BEGIN

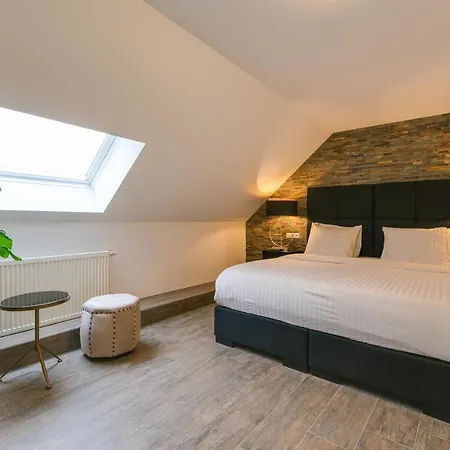 The White House Couette-café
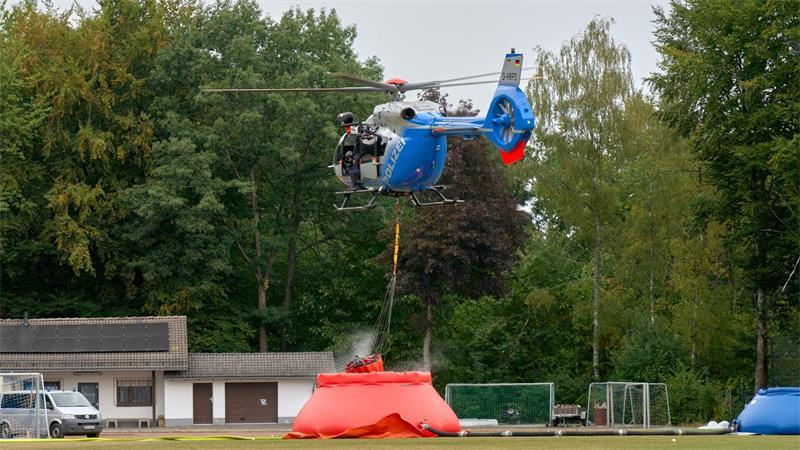 Waldbrand im Westerwald unter Kontrolle Die Einsatzkräfte am Boden werden aus der Luft unterstützt.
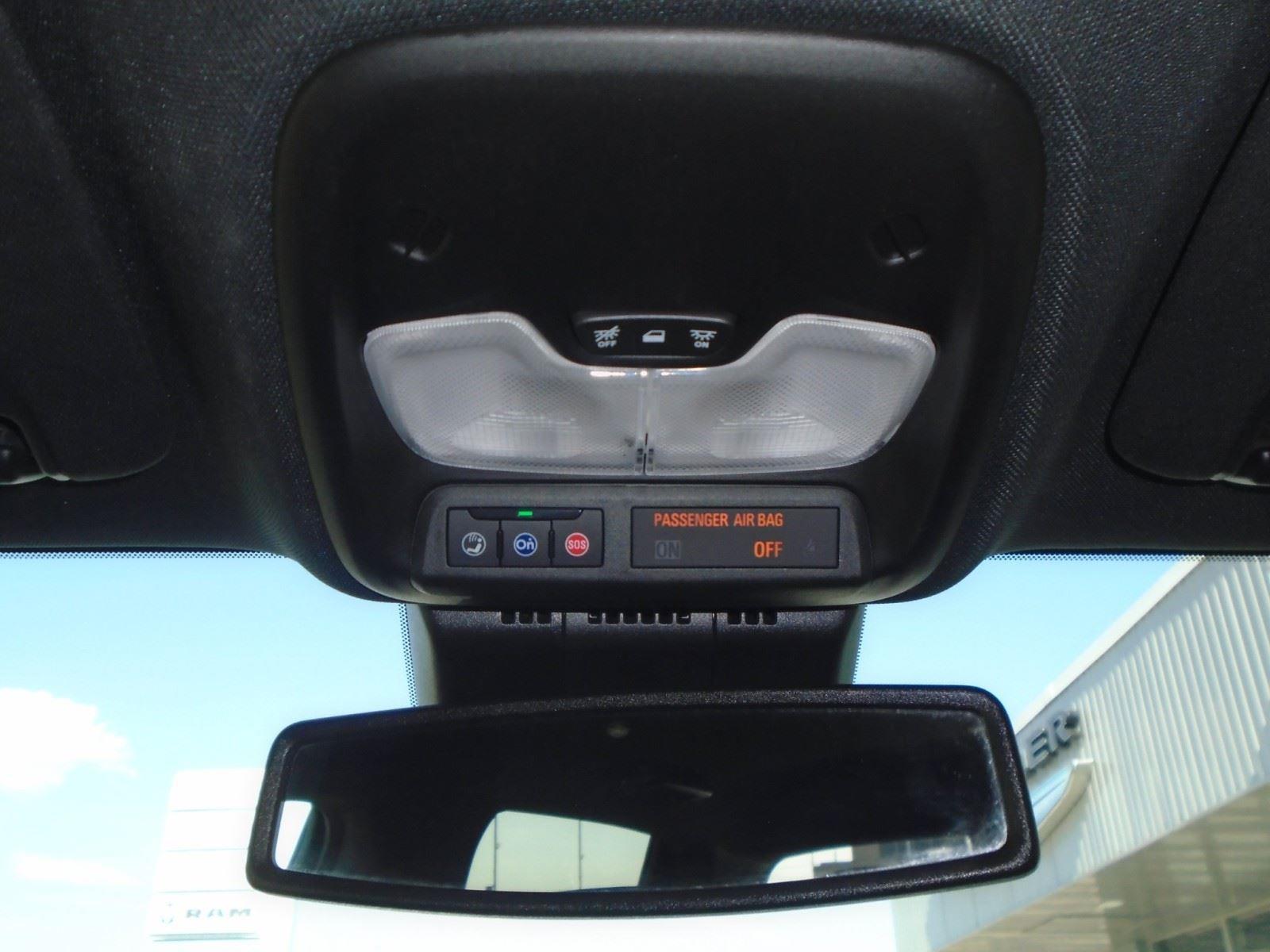 2023 Chevrolet Colorado LT - Photo 22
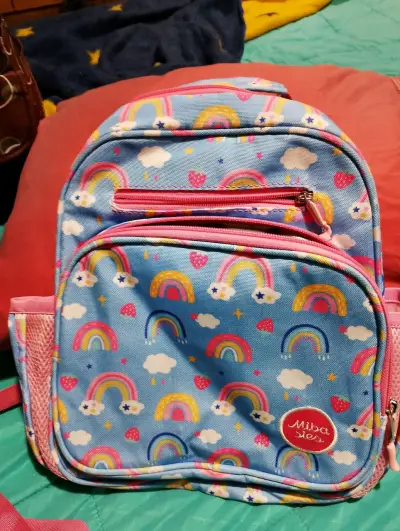 Mochila infantil con arcoiris - miniatura 1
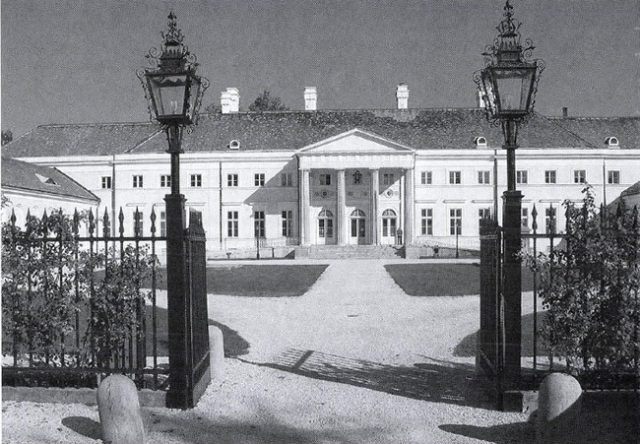 „Buta, aki itt érezni nem tud” – A csákvári Esterházy-kastély…”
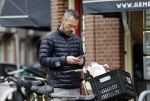Amsterdam 20 oktober 2015 
Rolf Snoeren op de fiets in Amsterdam.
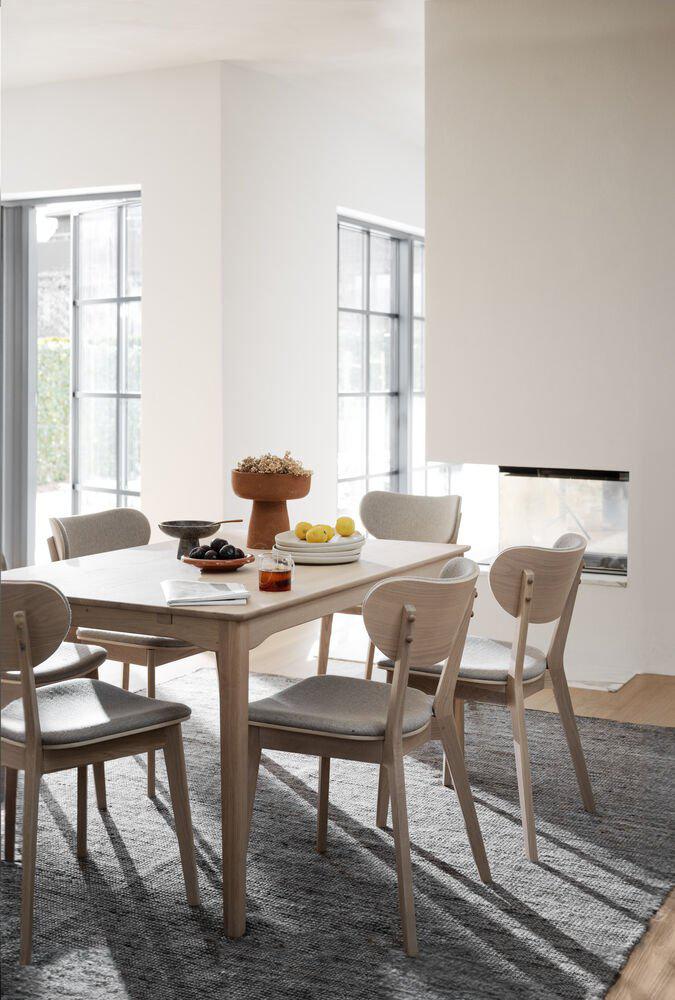 123236-113043-123128_b_mb_Markham_dining_table_in_whitewash_oak_Kato_chair_whitewash_oak_grey-beige_Donegal_01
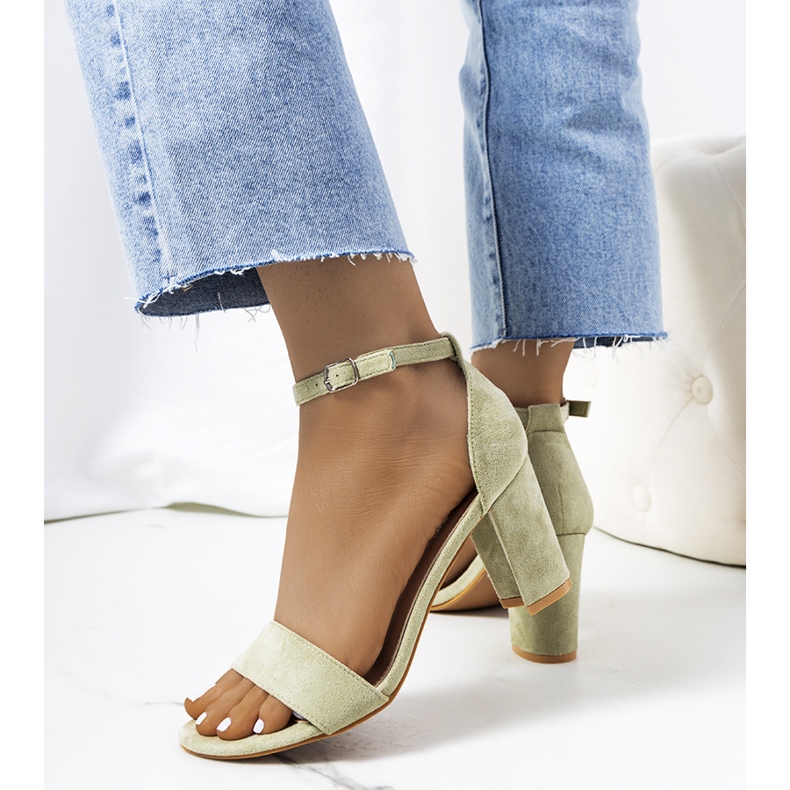 Sandalias verdes en un puesto de Karella 1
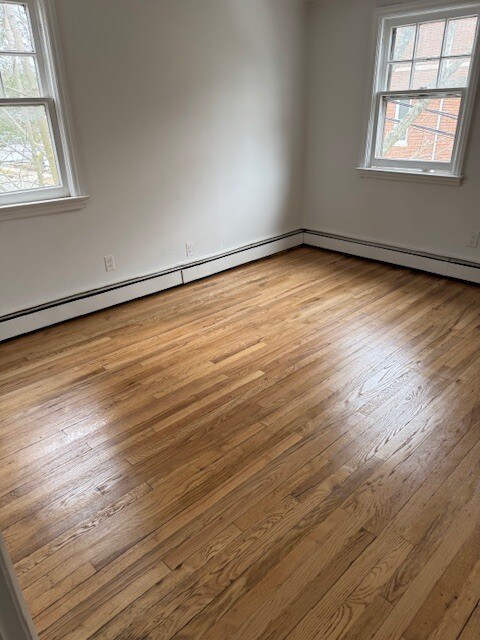 Building Photo - 28 Chestnut St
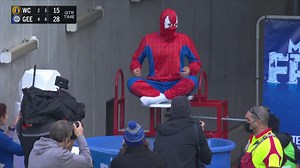 Matildas superstar Sam Kerr plunged into the ice to help the Fight MND cause 👏 | AFL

END

Aim of the exercise
Starting at the line that holds "Amsterdam 20 oktober 2015", copy each line exactly through the end of the listing, both ends included. Leave the pictures out.

Answer
Amsterdam 20 oktober 2015 
Rolf Snoeren op de fiets in Amsterdam.
 123236-113043-123128_b_mb_Markham_dining_table_in_whitewash_oak_Kato_chair_whitewash_oak_grey-beige_Donegal_01
 Sandalias verdes en un puesto de Karella 1
 Building Photo - 28 Chestnut St
 Matildas superstar Sam Kerr plunged into the ice to help the Fight MND cause 👏 | AFL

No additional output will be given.